Before attending the Tilth Alliance Conference I was unsure what “tilth” even meant. I am currently a senior studying organic and sustainable agriculture at Washington State University. I grew up on my family’s dairy farm in Southern Idaho where the majority of the farms are commodity crops and there is not much farm-consumer interactions. I knew that there would be great food and people who shared a common goal of growing food in a way that promotes social, economic and environmental viability.
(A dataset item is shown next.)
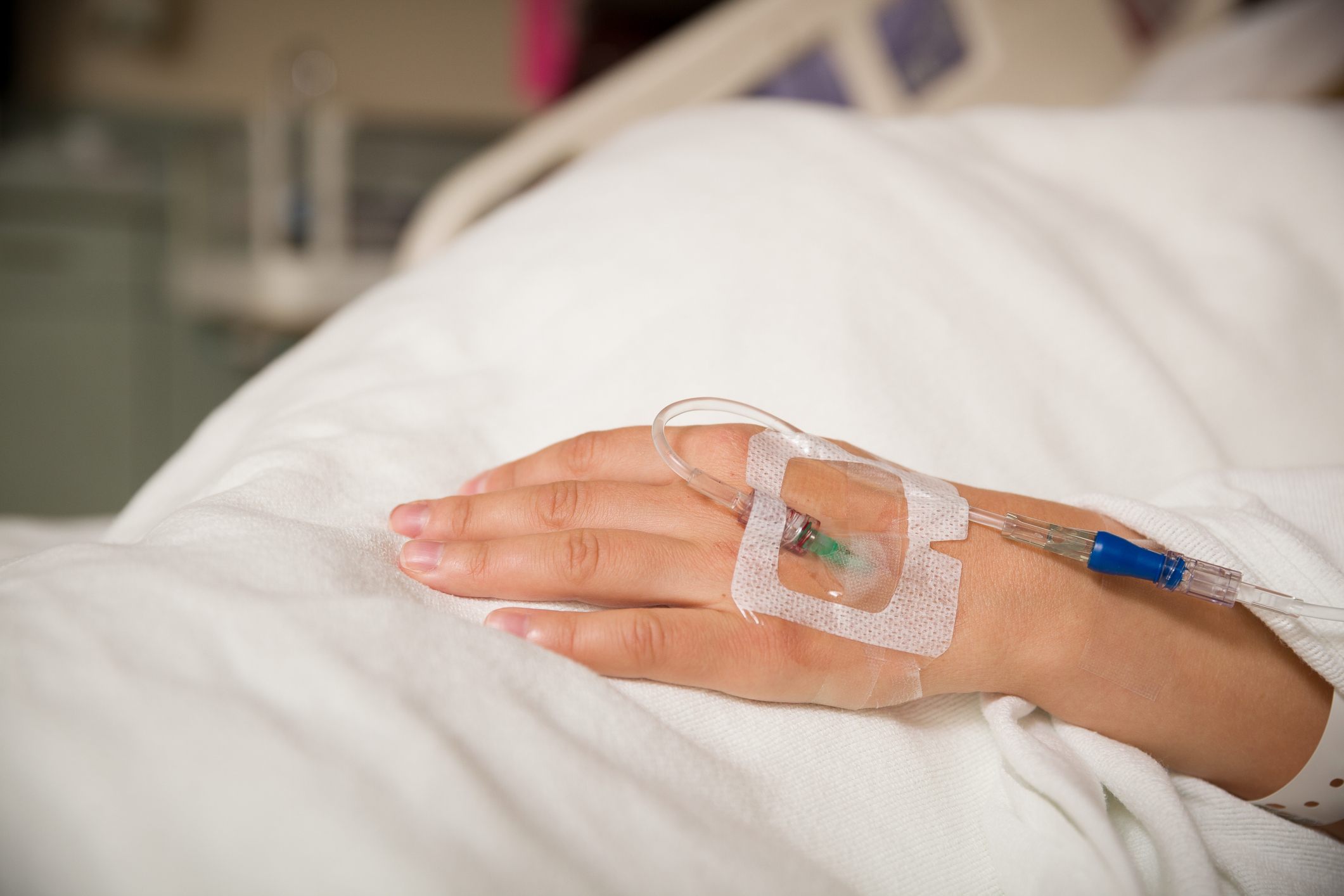 Close up hand of young patient with intravenous catheter for injection plug in hand during lying in the hospital bed.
After reading through the event schedule I knew that I would meet some incredible educators, farmers, and food advocates. I learned that the Tilth Alliance came from a convergence of Seattle Tilth, Tilth Producers, and Cascade Harvest Coalition. “Tilth” refers to the cultivation of the land. This conference wasn’t just about growing good food, or celebrating sustainable food systems, this conference brought about a sense of community. Reminding attendees that there are people that are fighting the same fight you are.

I felt incredibly welcomed and I learned so much from the keynote speakers and session presenters in two packed days.

Growing up in rural Idaho I became aware of student food insecurity at a very young age. I wanted to dive deeper into “Farm to School” model and learn from farmers that are already a part of these programs. The first workshop that I went to featured Tobias Magaña of Magaña Farms, Chris Iberle from WSDA Regional Markets and Marcia Wagner from Grandview School District. Chris started the session by pointing out all the benefits that a farm to school program brings to the community, in Washington State alone almost $17 million went to WA grown foods. He also pointed out the community networking that comes with integrating these programs.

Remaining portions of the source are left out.